**Data extract:**
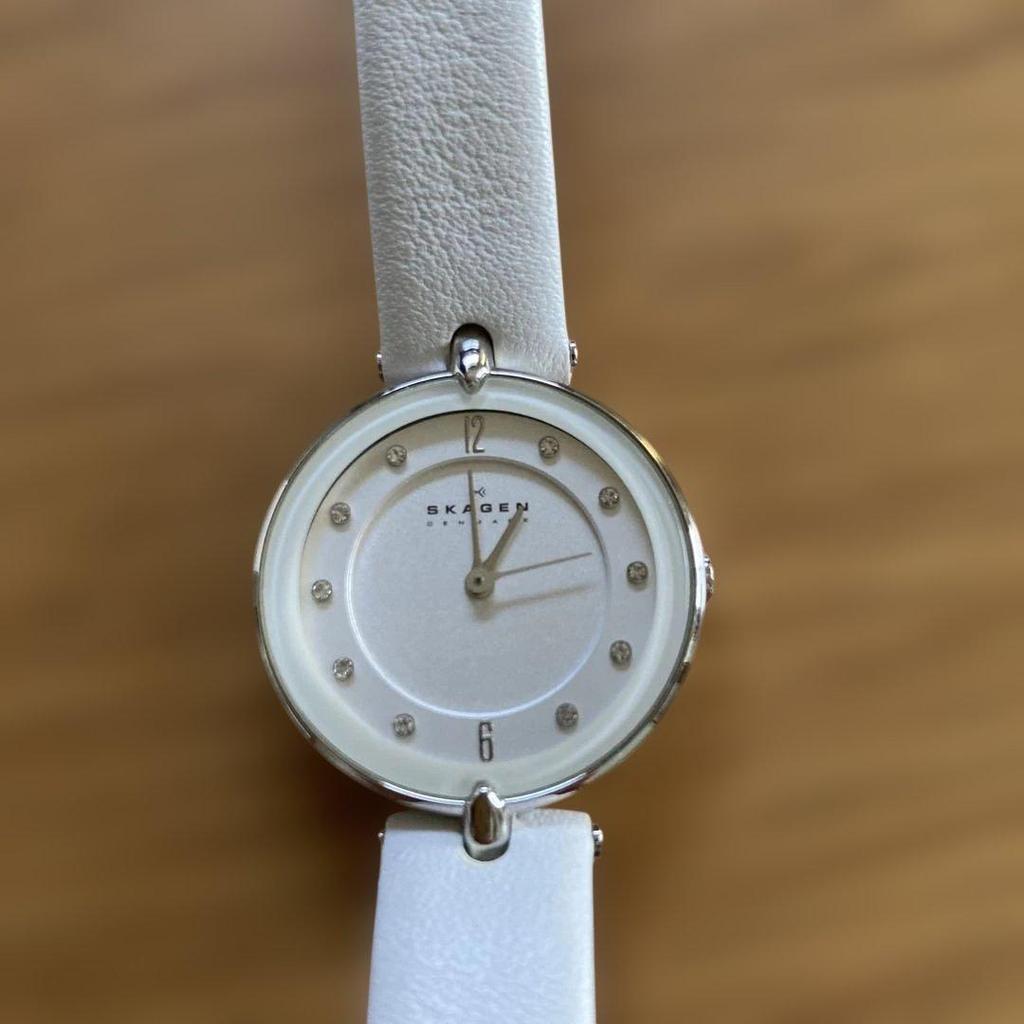 Used SKAGEN watch white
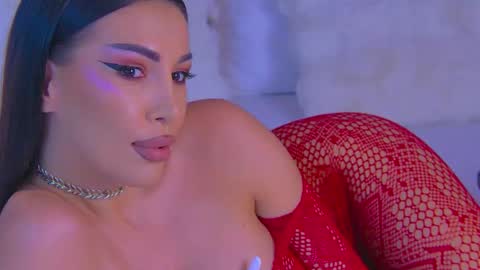 Laura online show from November 6, 6:08 am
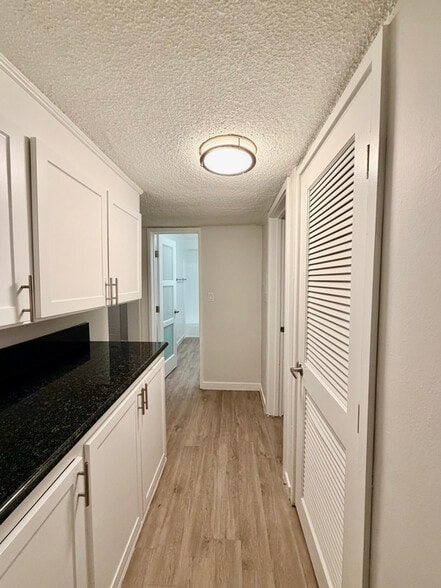 Building Photo - 1284 Havenhurst Dr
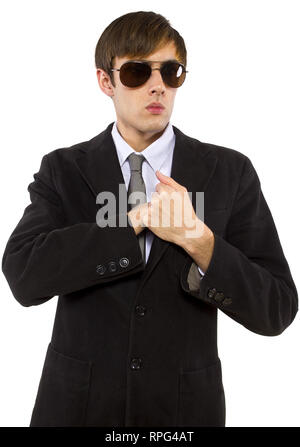 Homme de race blanche garde du corps portant des lunettes de soleil et costume noir Banque D'Images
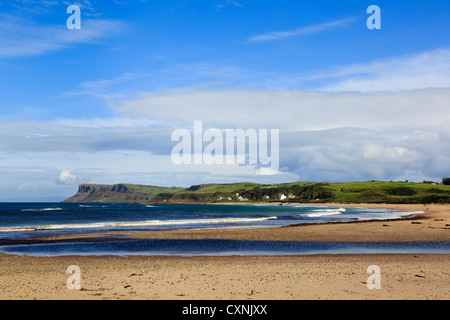 Blick über die Bucht und den Sandstrand zu fairen Kopf oder Benmore Landspitze auf der Nordostküste. Armagh County Antrim Nordirland UK Stockfoto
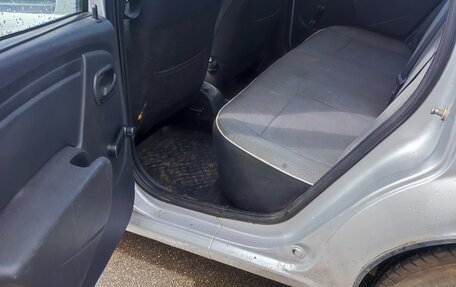 Renault Logan I, 2011 год, 255 000 рублей, 6 фотография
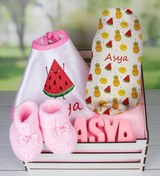 Resim Ejoya Ahşap Sandıkta Kişiye Özel Önlük Battaniye Taş Isimlik Ve Patik Bebek Hediye Seti 109737 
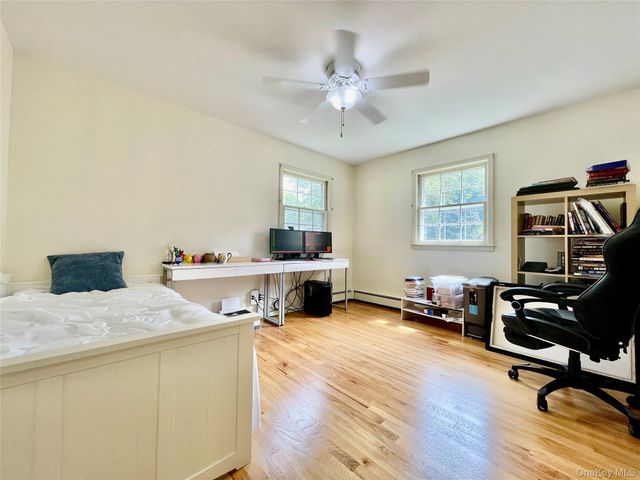 21 Noyes Lane, Huntington, NY 11743
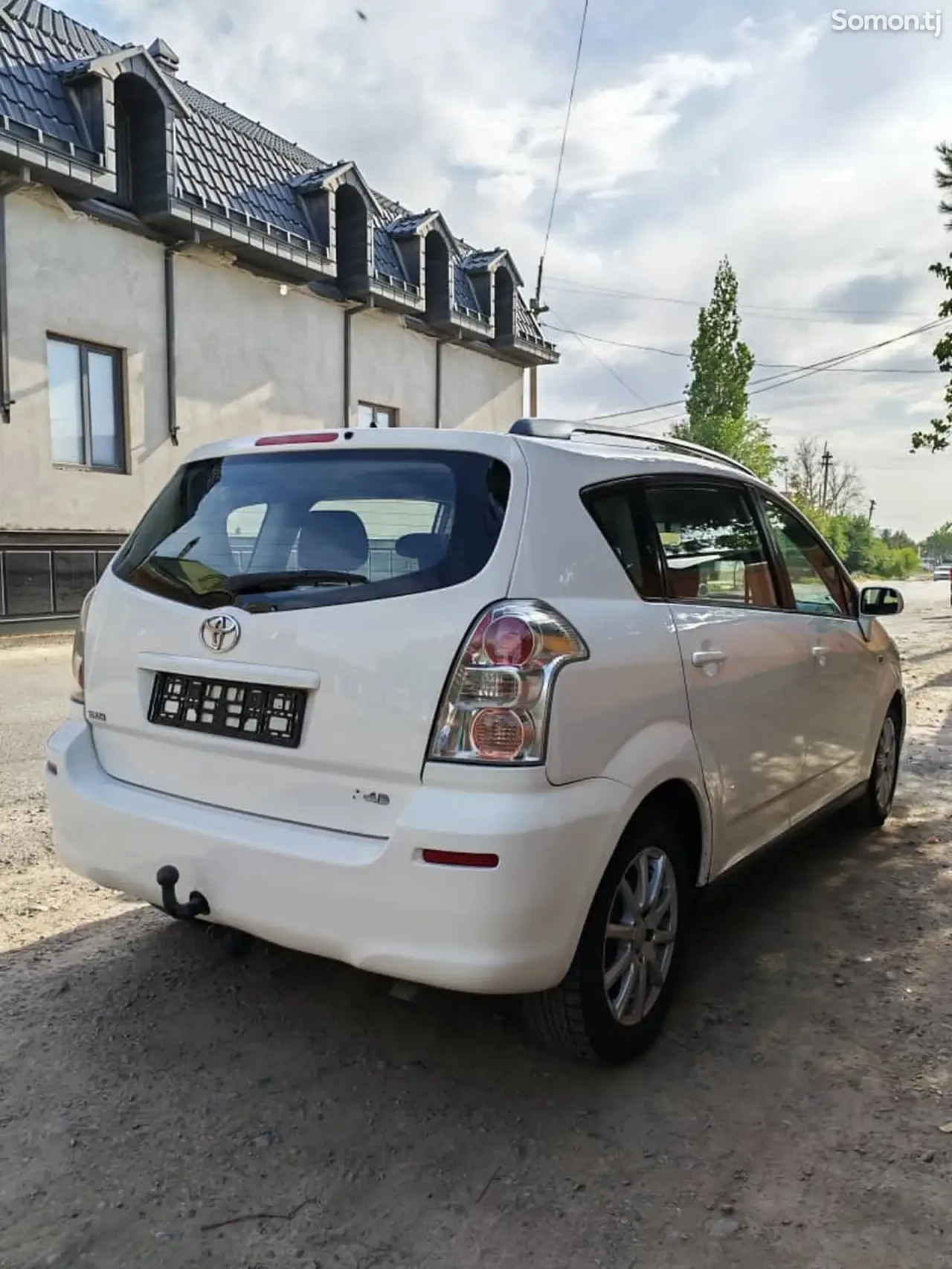 Toyota Corolla Verso 2007 · 2.2 MT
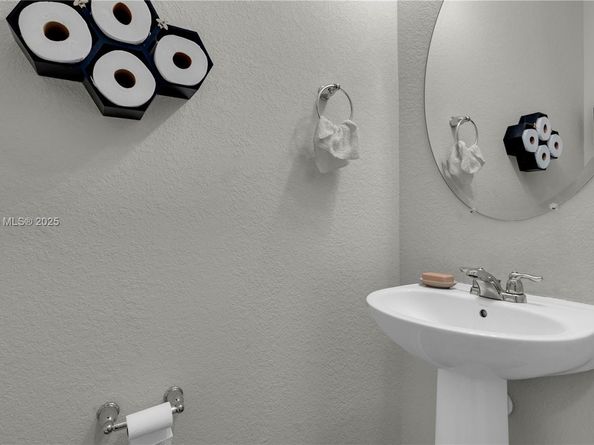 2913 Olivia Ave, Lauderdale Lakes FL 33311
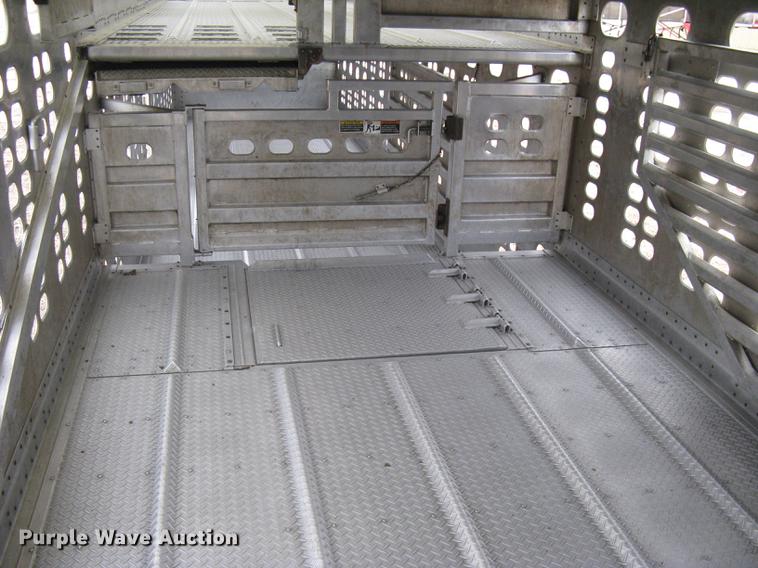 image for item DC1334 2011 Wilson Silver Star PSDCL-402 livestock trailer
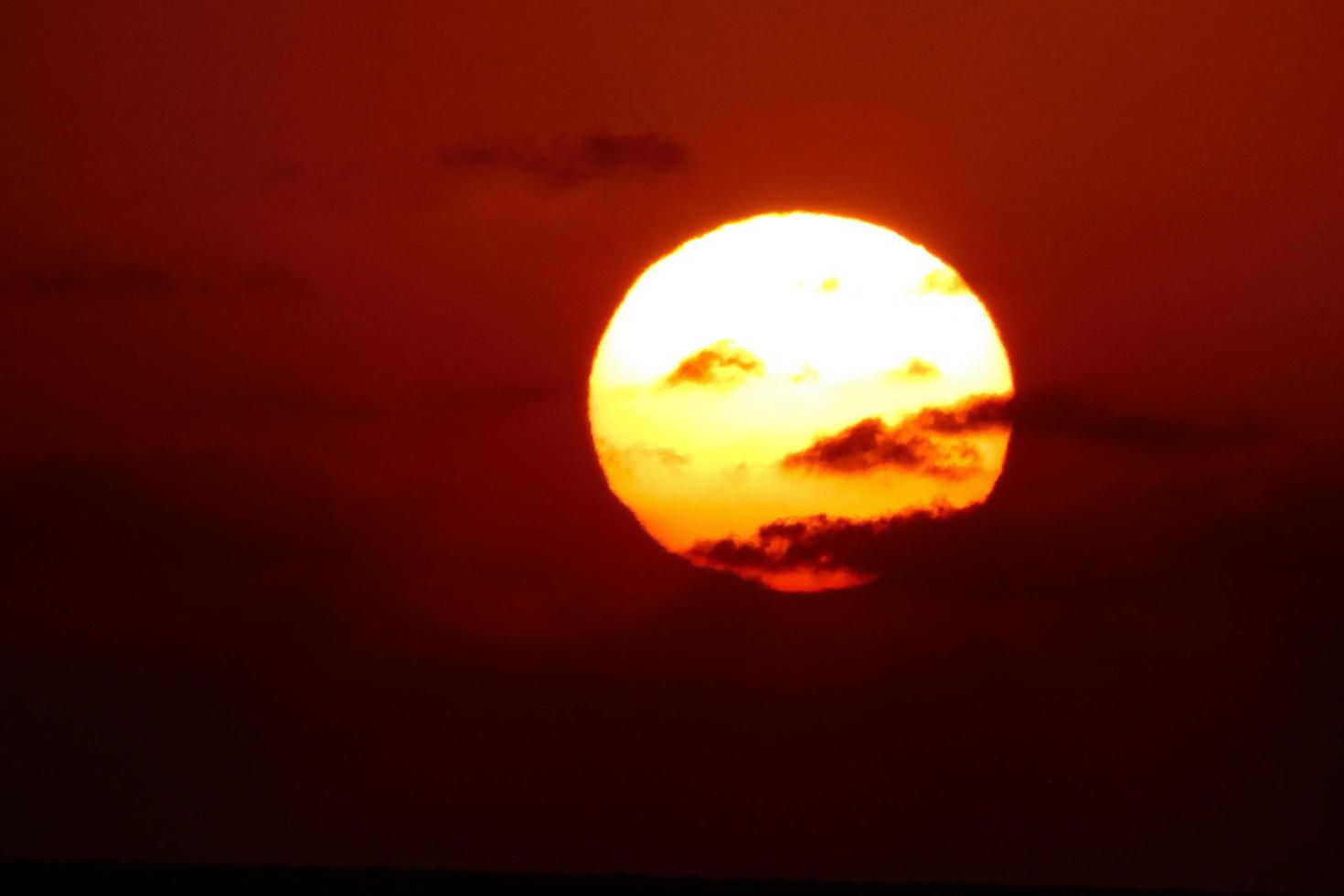 disque solaire s'élevant au-dessus de l'horizon de la mer, lever de soleil, aube photo
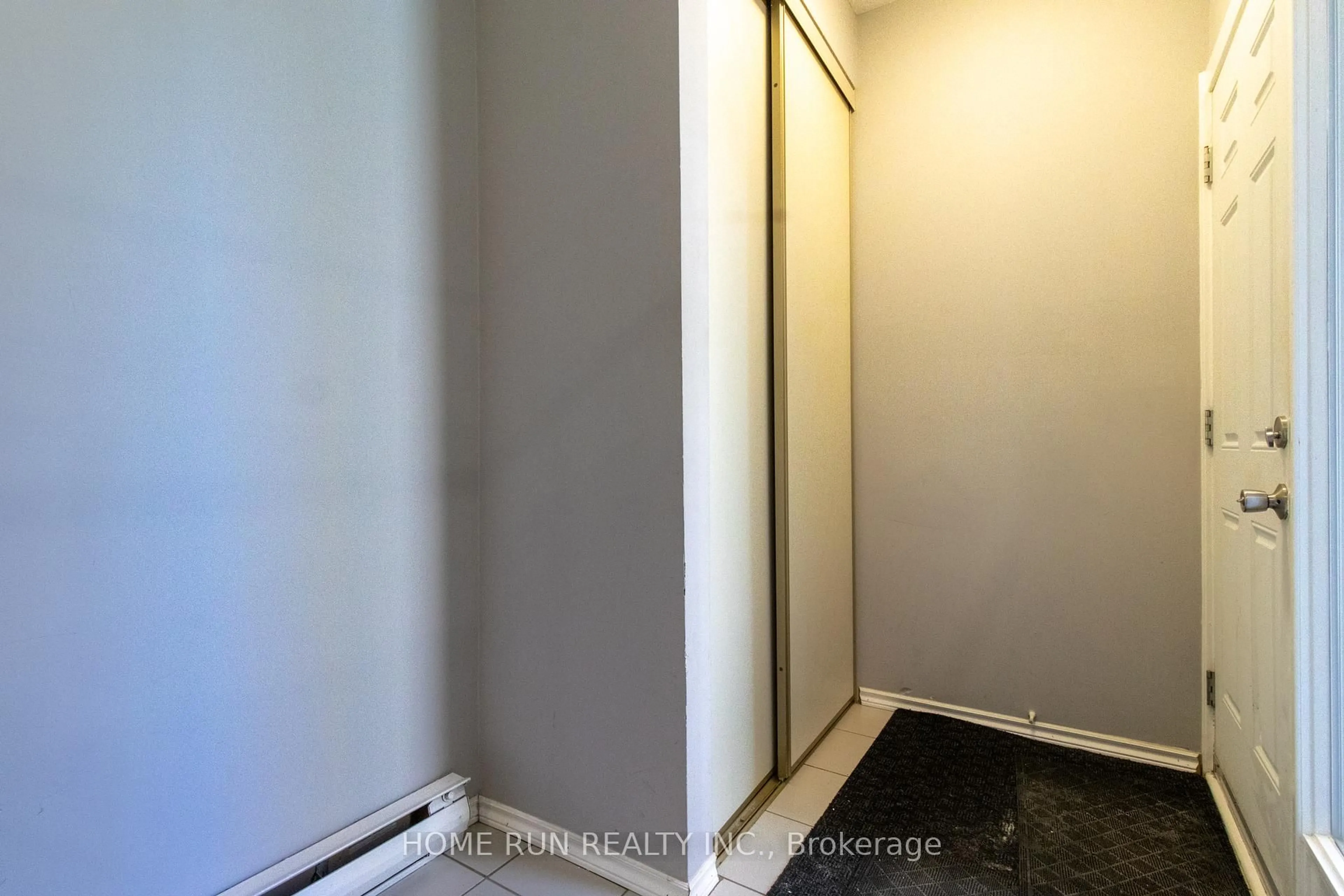 A pic of a room for 2610 DRAPER Ave #22, Ottawa Ontario K2H 8X8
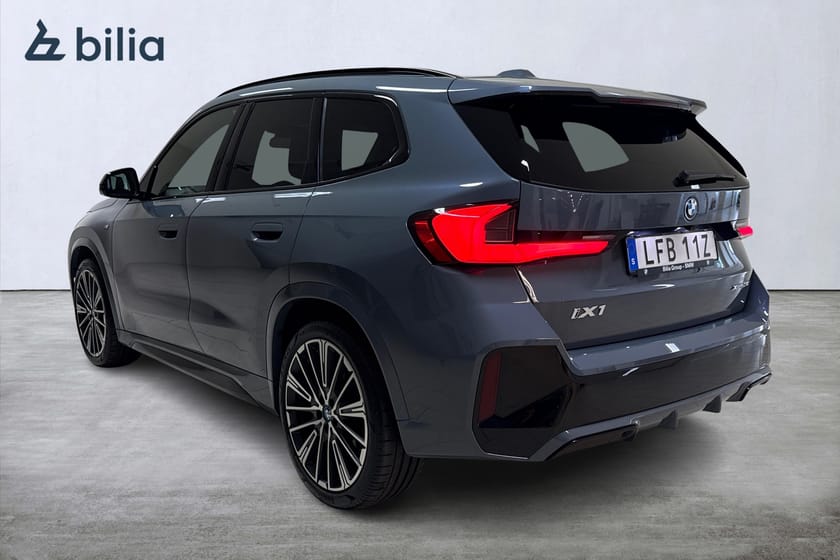 Bild 2 av BMW iX1 xDrive30 M Sport / H/K / Pano / 360 / Drag /Adaptiv/HUD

**Your assignment:** The line containing "Homme de race" and all lines after it, through the last line of the records, should be returned exactly. Omit the pictures.

**Solution for this task:**
 Homme de race blanche garde du corps portant des lunettes de soleil et costume noir Banque D'Images
 Blick über die Bucht und den Sandstrand zu fairen Kopf oder Benmore Landspitze auf der Nordostküste. Armagh County Antrim Nordirland UK Stockfoto
 Renault Logan I, 2011 год, 255 000 рублей, 6 фотография
 Resim Ejoya Ahşap Sandıkta Kişiye Özel Önlük Battaniye Taş Isimlik Ve Patik Bebek Hediye Seti 109737 
 21 Noyes Lane, Huntington, NY 11743
 Toyota Corolla Verso 2007 · 2.2 MT
 2913 Olivia Ave, Lauderdale Lakes FL 33311
 image for item DC1334 2011 Wilson Silver Star PSDCL-402 livestock trailer
 disque solaire s'élevant au-dessus de l'horizon de la mer, lever de soleil, aube photo
 A pic of a room for 2610 DRAPER Ave #22, Ottawa Ontario K2H 8X8
 Bild 2 av BMW iX1 xDrive30 M Sport / H/K / Pano / 360 / Drag /Adaptiv/HUD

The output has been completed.